Un très beau livre, comme chaque livre d’Alain. Au beau milieu de notre époque où la liberté absolue de l’individu est la seule valeur et la seule finalité,  il nous invite à concevoir à nouveau une transcendance, et des principes  supérieurs, à nous autres, humains arrogants, du haut de notre matérialisme hédoniste  conquérant.

Alain Finkielkraut a lu pour nous Madame de Lafayette, Bergman, Philip Roth ou encore Milan Kundera pour nous livrer un plaidoyer en faveur de la tradition en amour. A une époque où nous sommes à peu près tous  convaincus que « l’amour dure 3 ans » Alain Finkielkraut tente, en bon « réactionnaire », de nous donner un peu d’espoir, ou de désespoir – c’est selon.

« Et si l’amour durait » est un essai qui veut prendre à rebrousse poils l’amer constat du divorce de masse et du renoncement à une forme moins égoïste de l’amour . Sa méthode : quatre résumés de lecture, pour déconstruire et redécouvrir le sentiment amoureux.

La Princesse de Clèves, héroïne du roman éponyme écrit au XVIIe siècle renonce à son grand amour, en se conformant à des principes moraux. Inconcevable pour nos contemporains.

Les héros de Bergman, malgré leur volonté tenace de rester ensemble, échoueront dans leur quête de stabilité. Les différences de classes sociales, leur différences d’objectifs dans la vie l’emporteront finalement, sur le rêve d’amour.

Philip Roth de son côté, mets en scène des personnages déchirés entre leur attirance pour la liberté en matière d’amour, et le possible choix d’un renoncement à cette liberté pour ne choisir qu’une seule personne. Prisonniers de ce que Finkielkraut appelle la « tyrannie de leurs désirs », ils perdront tout, à savoir leur grand amour et la possibilité d’aimer vraiment.

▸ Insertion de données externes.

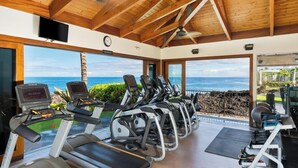 A gym with treadmills and exercise equipment, large windows with a view of the ocean, and a wooden ceiling.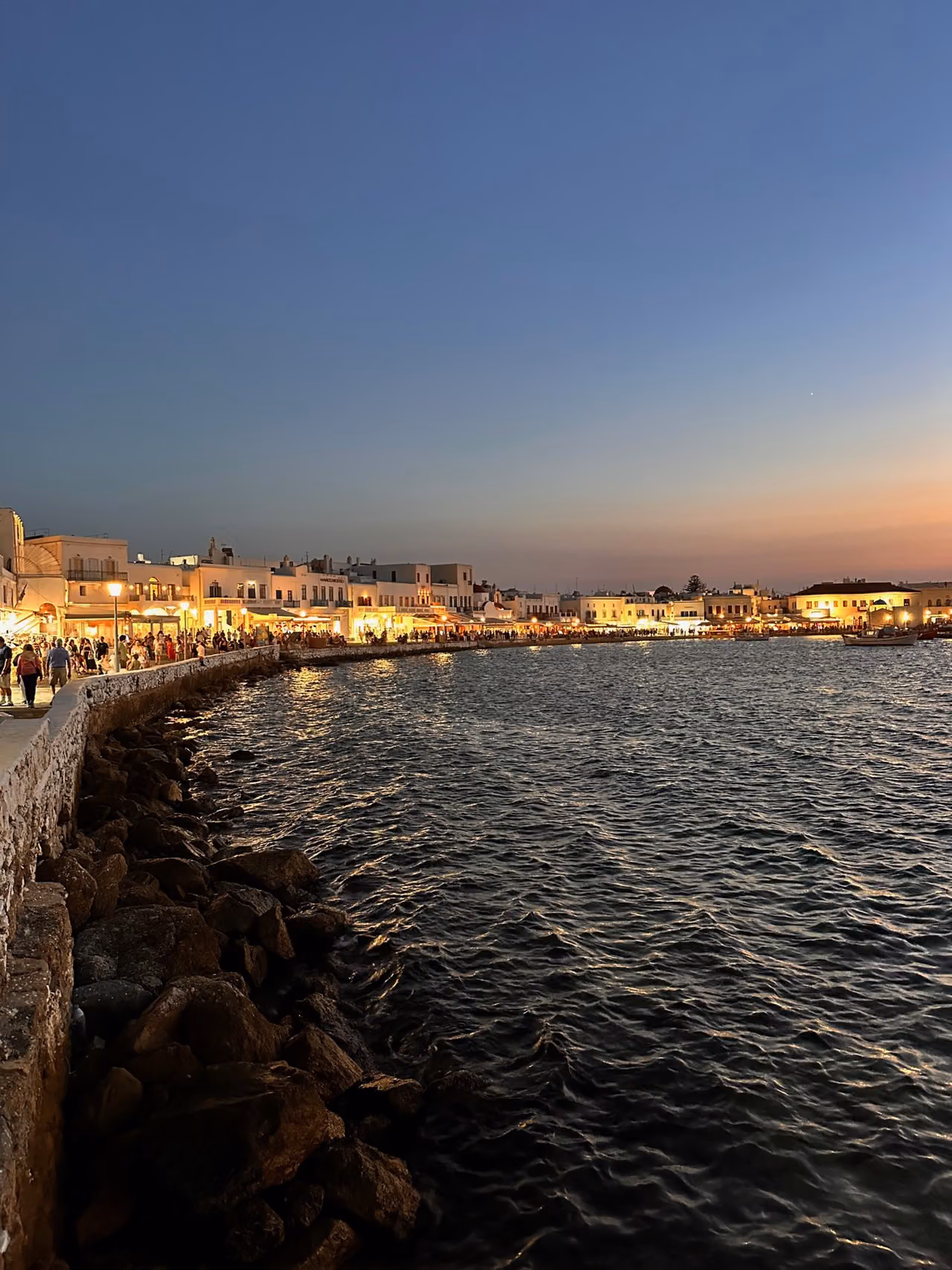 Illuminated restaurants and people along the Mykonos Town waterfront at dusk.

Alain Finkielkraut , grand lecteur de Milan Kundera termine son essai par une leçon au sujet du fameux roman « L’insoutenable légèreté de l’être » le roman phare de Kundera. L’auteur voit, à travers deux personnages qui s’aiment d’un amour désintéressé, Tomas et Tereza, la seule clef possible pour un véritable amour.

Le désintéressement, voilà la clef. L’oubli de l’intérêt personnel est pour l’auteur de « Et si l’amour durait » le seul espoir pour l’amour, un préalable incontournable à la contemplation amoureuse.

Espérons que dans cet abandon demandé d’un peu de notre individualisme, les « adversaires » de Finkielkraut n’y verront pas une stratégie inavouée de « social-traître »…

Car c’est bien tout l’inverse, en réalité. Le seul progrès humain ne peut-être que du côté de la longueur, de l’introspection, de la pensée, et non pas du côté de l’immédiateté, de la flatterie des instincts primaires,  à grand coup de marketing : « sois toi-même », « trouve chaussure à ton pied ».

Slogans qui consistent bien eux, en revanche, en une stratégie capitaliste et productiviste inavouée.

« Et si l’amour durait », un essai de l’amour, de l’humain, de la pérennité. Profondément anticapitaliste, pour le coup.